When I used armclang to compile the code of arm cm7, I found a surprising bug in armclang, which is manifested in the following assembly instructions generated under -O2/-Os/-Ofast/-O3/-Os/....:
__asm(
"ldr r5,=0x20010402"
);
"ldr r7,=0x55f4"
"strbt r7,[r5,#6]"
The CPU is in privileged mode all the time.when the CPU executes the STRBT instruction, it enters the memmanage_handler interrupt function.
Arm A-profile A32/T32 Instruction Set Architecture
solution: even in privileged mode, the MPU must be configured, as the machine instructions generated by the compiler may cause memmanage errors.

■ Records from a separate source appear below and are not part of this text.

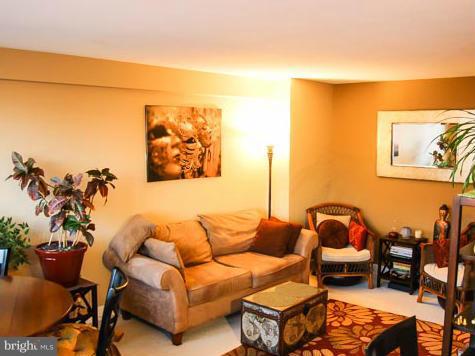 1220 Blair Mill Road, Unit 1110 Silver Spring, MD 20910 - Photo 2 of 21 Living Room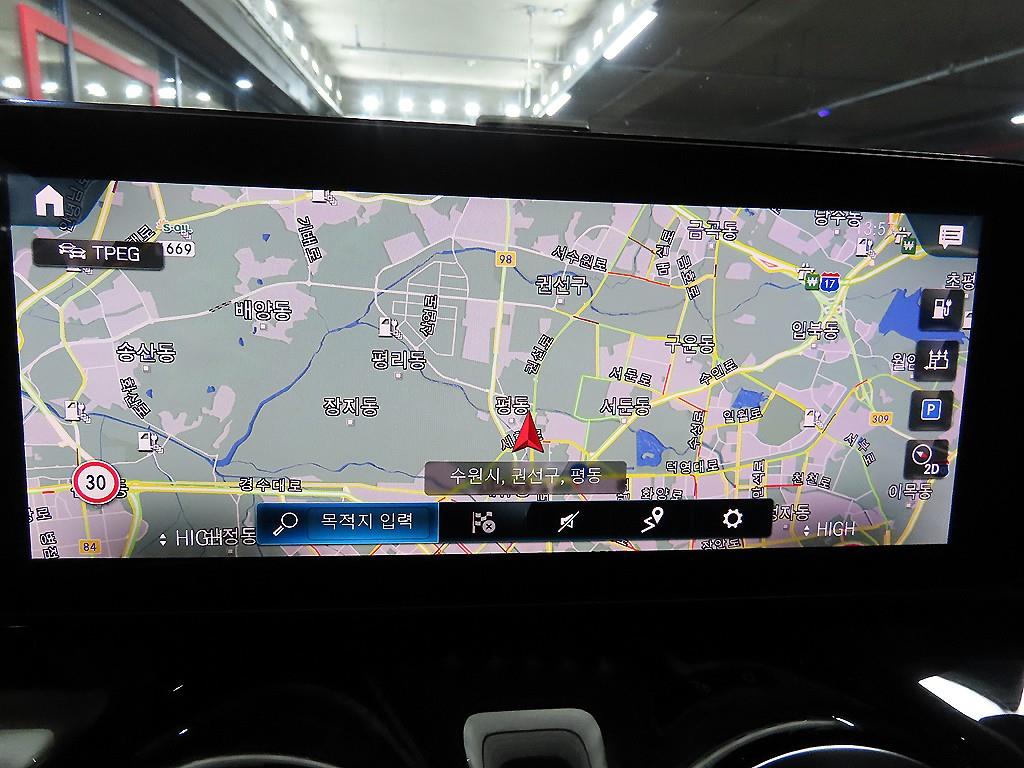 벤츠 EQA 250 - 이미지 16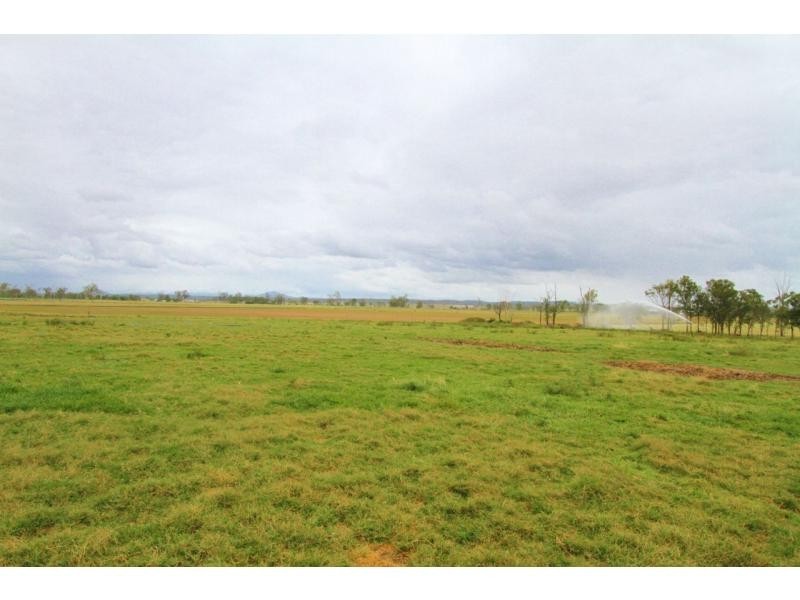 76 Clarendon Station Road, Clarendon QLD 4311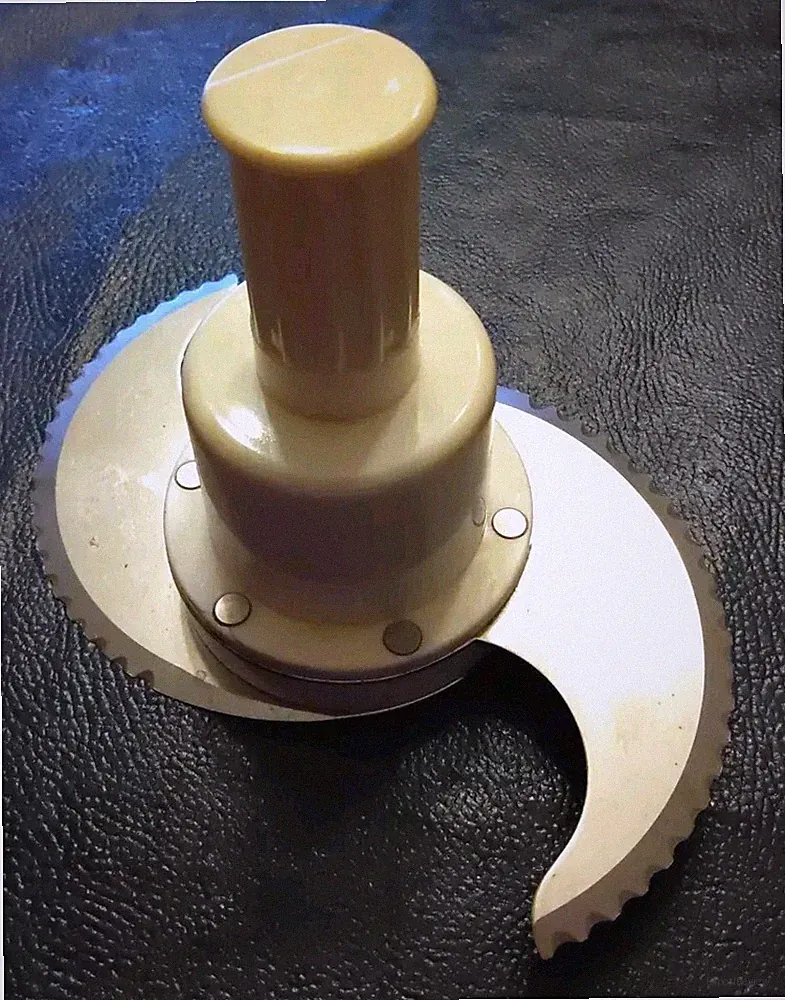 Mcgraw-Edison Toastmaster Food Processor Model 1100 Metal Chopping Blade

config all ram area: full access ,BUFFERABLE,CACHEABLE,SHAREABLE,LEVEL0
so I think it's a compiler bug.
armclang version:
.\armclang.exe -vProduct: MDK Professional 5.36Component: ARM Compiler 6.16Tool: armclang [5dfeb700]
Additional Notes:
CHIP:STM32H723ZGT6
KEIL:5.36
HostOS:win10
Hi David,I think this is completely expected: When using inline assembly with __asm, you are explicitly putting that instruction, as-is, into your binary at that location. No further verifying is done on insline assembly.It is your responsibility to ensure that the CPU and MPU are in the correct states for that instruction to be executed, or you need to use a different instruction (sadly I'm not familiar with this part of the architecture!)